A l'instar de Rached Ghannouchi quelques mois plus tôt en Tunisie, l'ancien premier ministre palestinien du Hamas, Ismaël Haniyeh, s'est déchargé des affaires tout en affirmant que « le départ du Hamas du gouvernement n'est pas synonyme de départ du pouvoir ». La destruction par le maréchal Al-Sissi de la quasi-totalité des tunnels de contrebande reliant la bande de Gaza à l'Egypte ne permettait plus au Hamas de faire transiter les fonds nécessaires pour payer les fonctionnaires de son gouvernement.

Plus qu'un témoignage d'un engagement nationaliste, la volonté de réconciliation du Hamas s'explique donc comme un ultime recours pour sortir de l'impasse.

Ce rapprochement forcé du Hamas avec Ramallah se heurte à une politique israélienne qui a tout intérêt à voir le mouvement islamiste continuer d'administrer seul la bande de Gaza. Pour mener à bien cet objectif, l'Etat hébreu devra nécessairement permettre à la Résistance islamique de bénéficier de certains avantages qui ne se limitent pas à faciliter l'acheminement et le transfert de fonds pour rendre viable la gestion d'un gouvernement à Gaza, mais incluent aussi de laisser le Hamas et les autres factions de résistance palestiniennes jouir d'une certaine autonomie.

LES ERREURS DU PASSÉ

La proposition de cessez-le-feu en dix points présentée par le Hamas et le Djihad islamique le 16 juillet aux autorités égyptiennes participe de cette ambition d'édifier à Gaza une autorité administrée séparément de la Cisjordanie. Demandes relatives à la levée du blocus, à la libération des prisonniers et à l'octroi d'une zone de pêche plus étendue, plusieurs points de cette proposition, concernant notamment le contrôle des points de passage de manière collégiale avec le Qatar ou la Turquie, témoignent d'une volonté d'établir une entité politique dans la bande de Gaza autoadministrée, bien que celle-ci doive rester sous domination israélienne.

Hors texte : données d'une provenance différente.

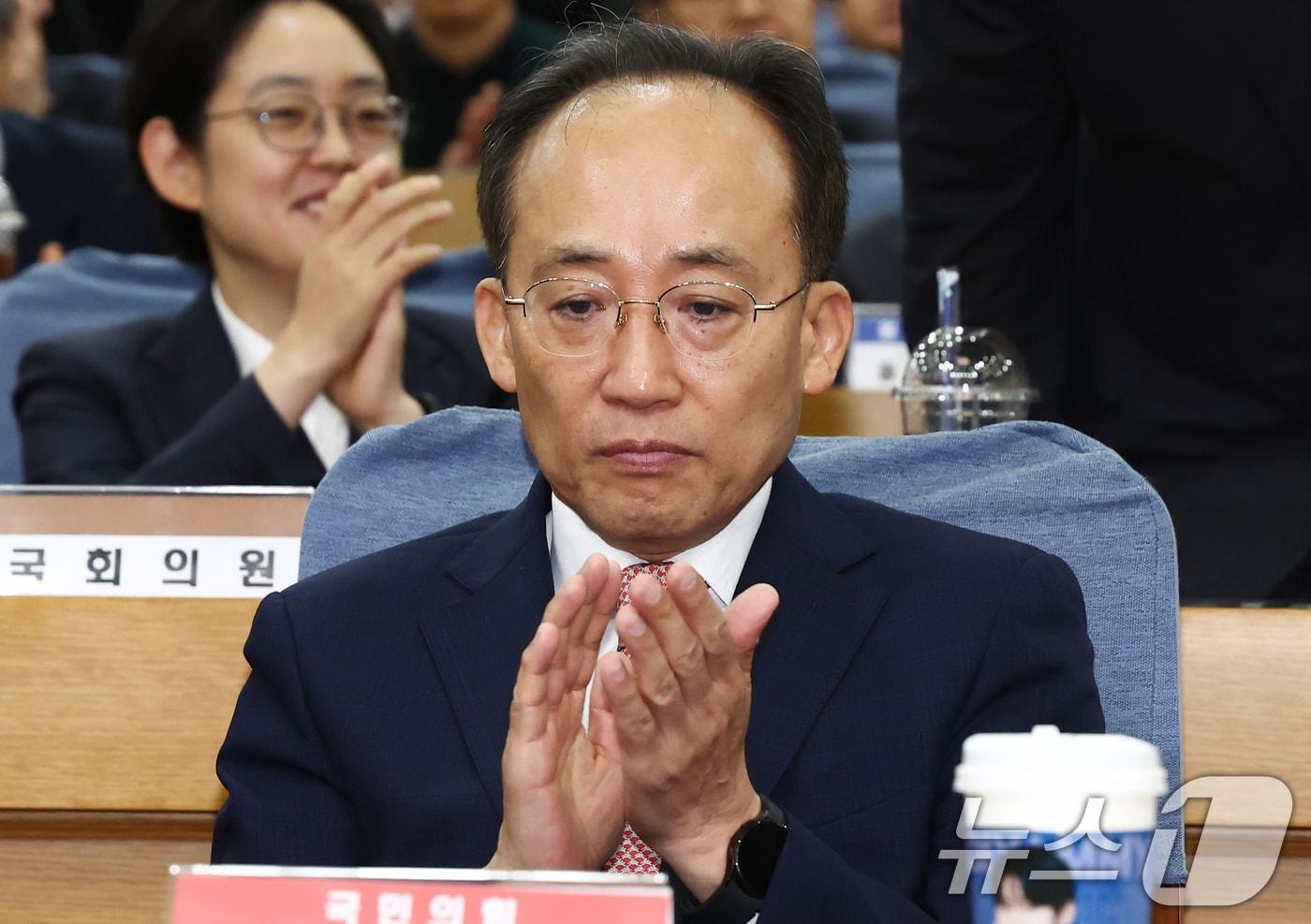 추경호 국민의힘 원내대표가 6일 오전 서울 여의도 국회 의원회관에서 열린 'AI시대, 도약하는 원격대학' 세미나에 참석, 생각에 잠겨 있다. 2024.11.6/뉴스1 ⓒ News1 김민지 기자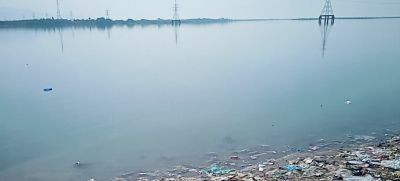 Пластиковое загрязнение – составляющая тройного планетарного кризиса. На фото: река в Пакистане. Фото: Фото М. Файсал.
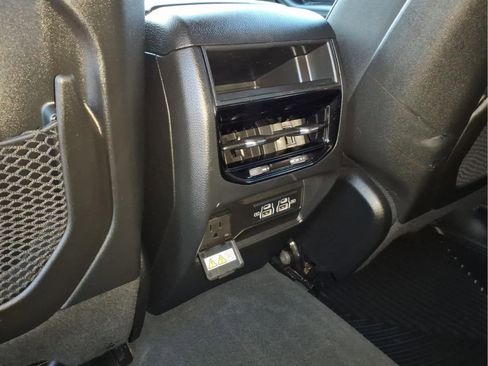 Used 2023 Jeep Grand Cherokee Altitude image 11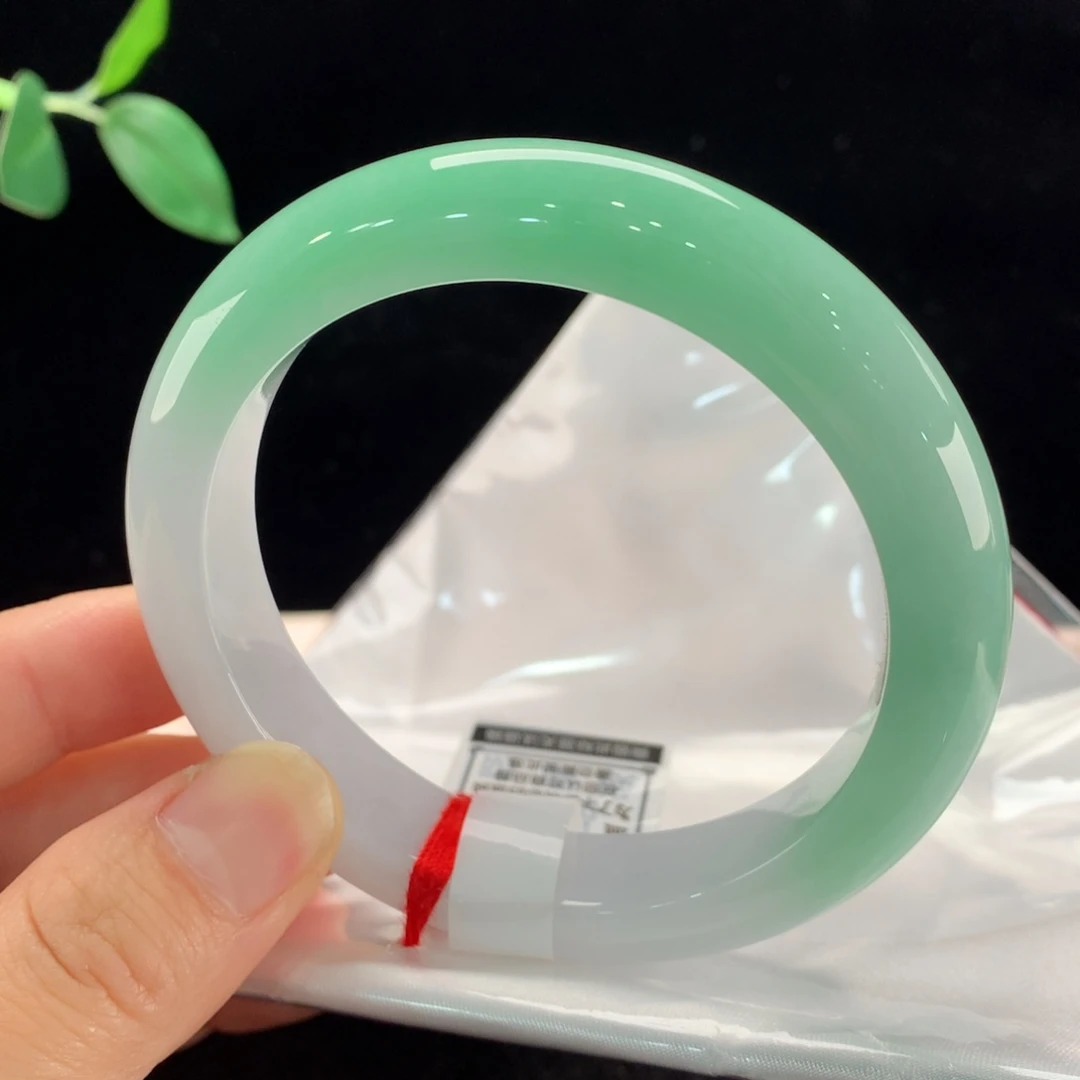 翡翠未镶嵌手镯2095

Une telle situation, qui voit la stratégie israélienne partiellement converger avec celle du Hamas, n'est pas sans rappeler celle des années 1970, lorsque les Israéliens avaient permis le développement des associations caritatives et religieuses dirigées par les Frères musulmans pour lutter contre l'influence de l'OLP, alors considérée comme une organisation terroriste.

Elle n'est pas sans rappeler non plus les tentatives israéliennes de confier l'administration de la Cisjordanie à la Jordanie et celle de la bande de Gaza à l'Egypte. En gardant la tête du mouvement islamiste hors de l'eau tout en lui refusant le statut de véritable interlocuteur, Israël semble aujourd'hui déterminé à reproduire les erreurs du passé.

Cette stratégie, cependant, est-elle véritablement partagée par le Hamas ? En dépit de ses prétentions nationalistes, le mouvement de la Résistance islamique ne semble pas être capable de contrer le projet israélien dont il peut par ailleurs tirer profit. La question semble désormais être celle du statut de cette entité politique en devenir : si la perspective d'une souveraineté authentique paraît bien compromise, elle nous invite d'ores et déjà à repenser la notion d'Etat, dans un contexte régional où cet idéal-type se trouve aujourd'hui largement mis à mal.

Par Leila Seurat, docteure en science politique et membre du think tank «Noria Research».